**Extracted records**:
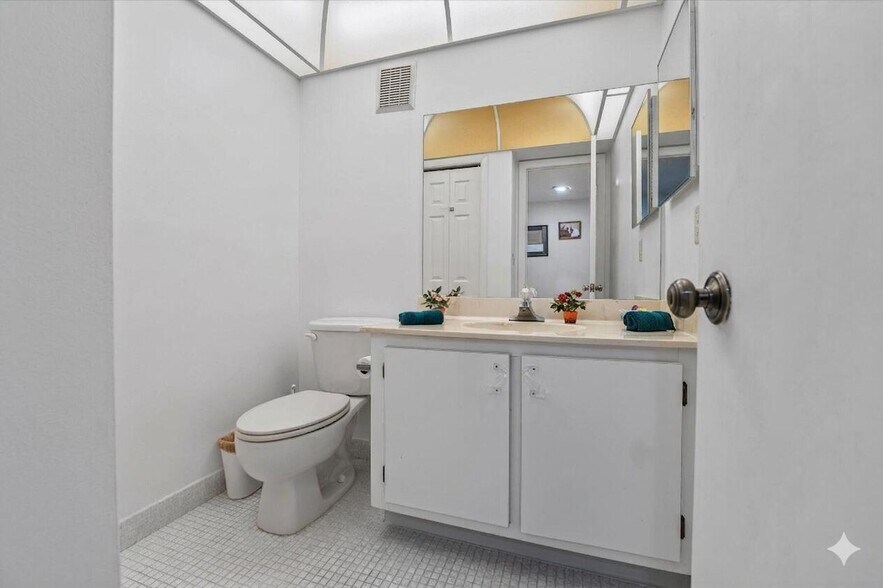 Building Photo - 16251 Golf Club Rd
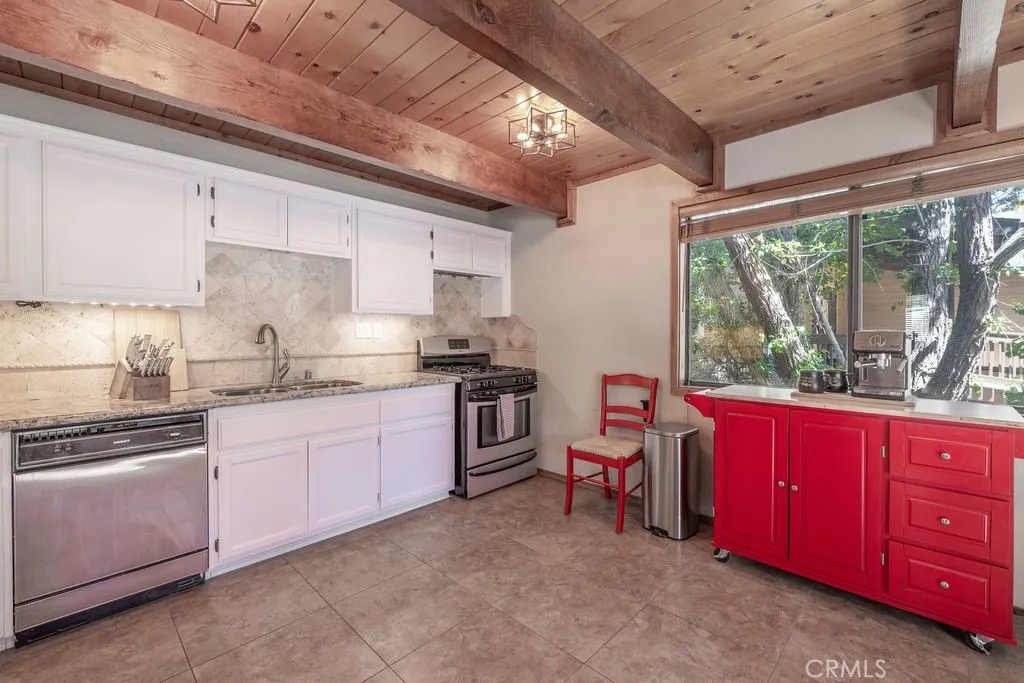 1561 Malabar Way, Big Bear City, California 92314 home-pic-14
--
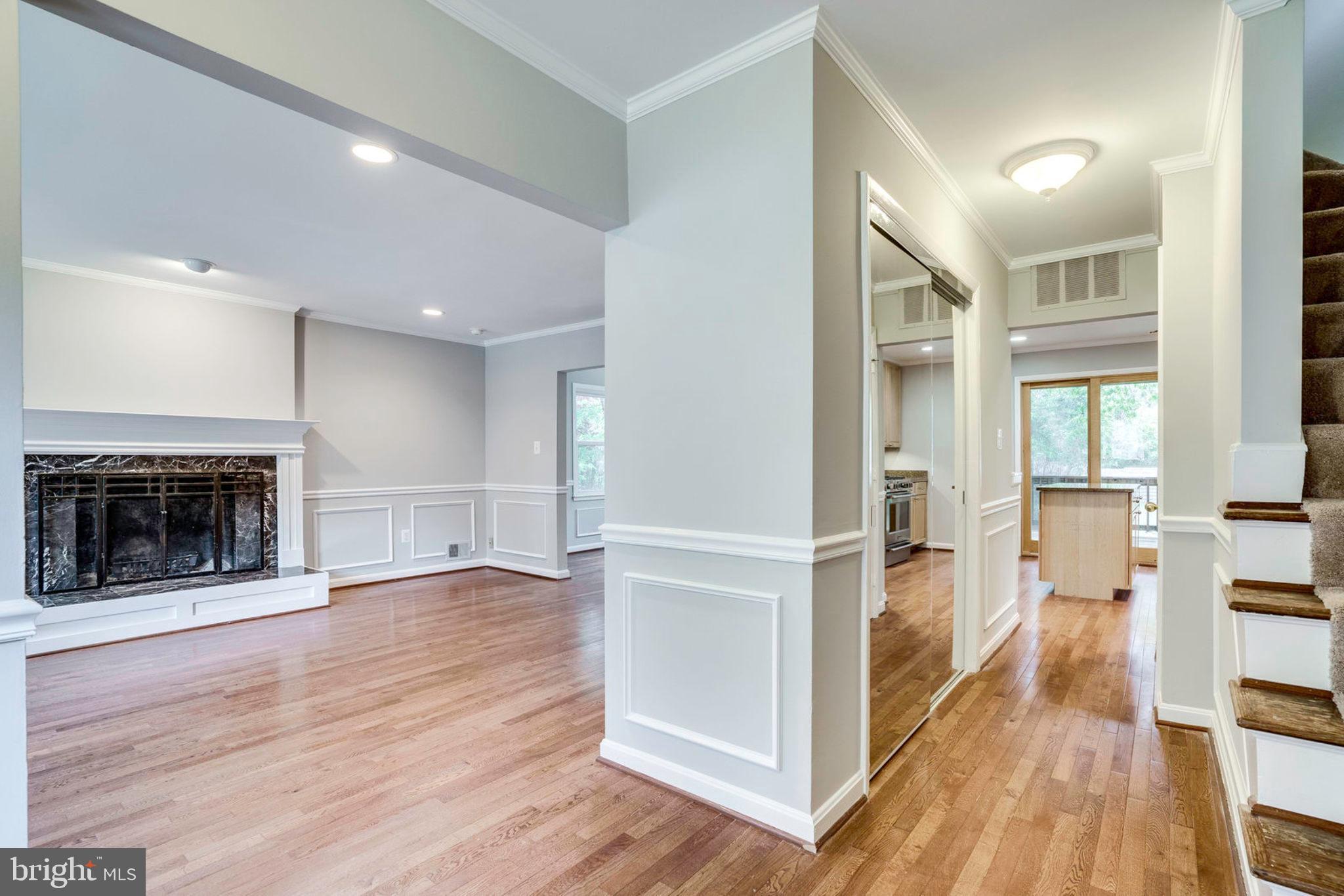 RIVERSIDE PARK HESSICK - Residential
==
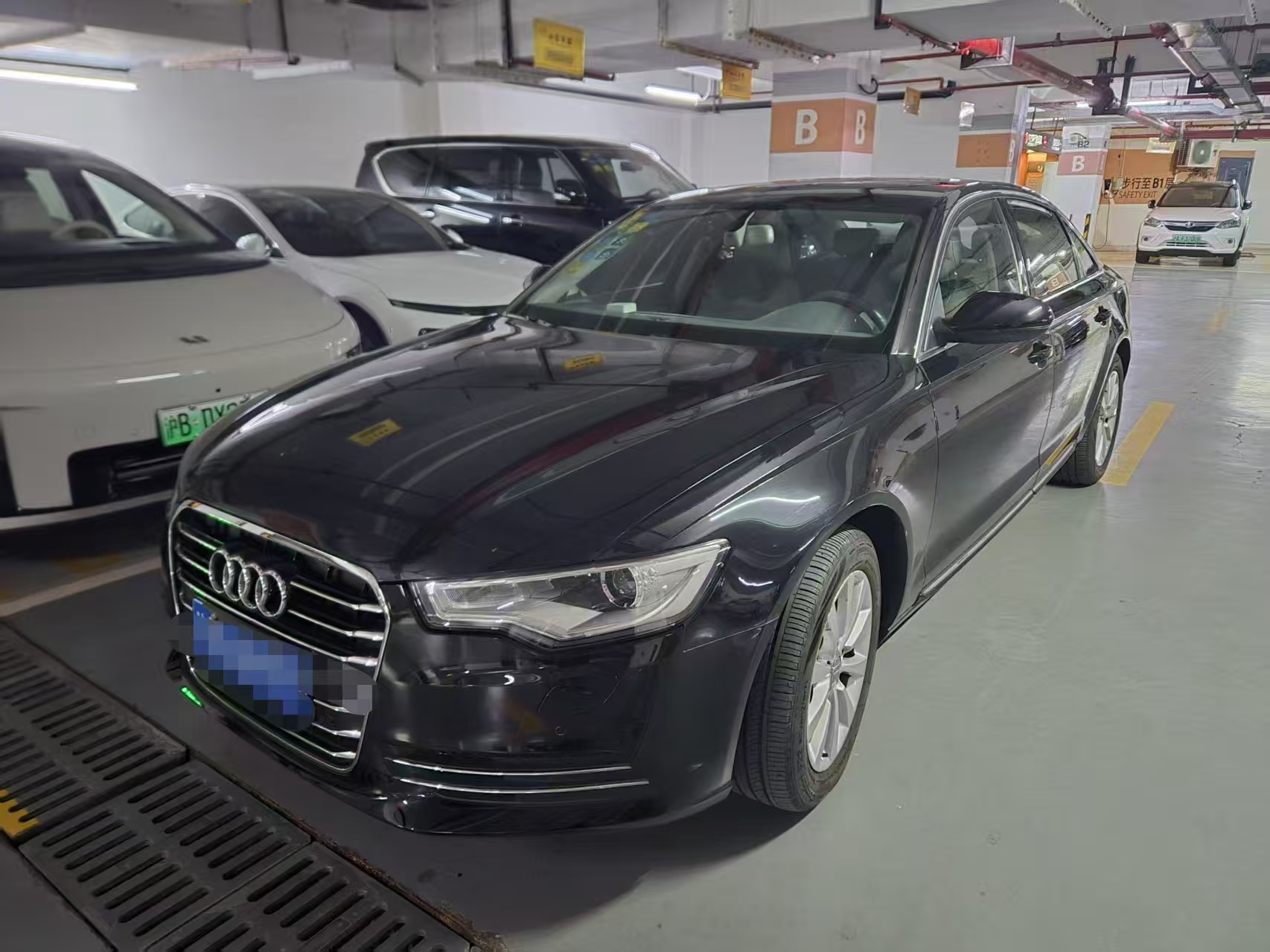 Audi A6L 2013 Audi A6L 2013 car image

**Exercise brief**: Copy the lines above exactly, starting at the one with "Building Photo - 16251 Golf Club Rd" and ending at the one with "1561 Malabar Way, Big", both included. Leave out any pictures and add nothing else.

**Expected answer**:
 Building Photo - 16251 Golf Club Rd
 1561 Malabar Way, Big Bear City, California 92314 home-pic-14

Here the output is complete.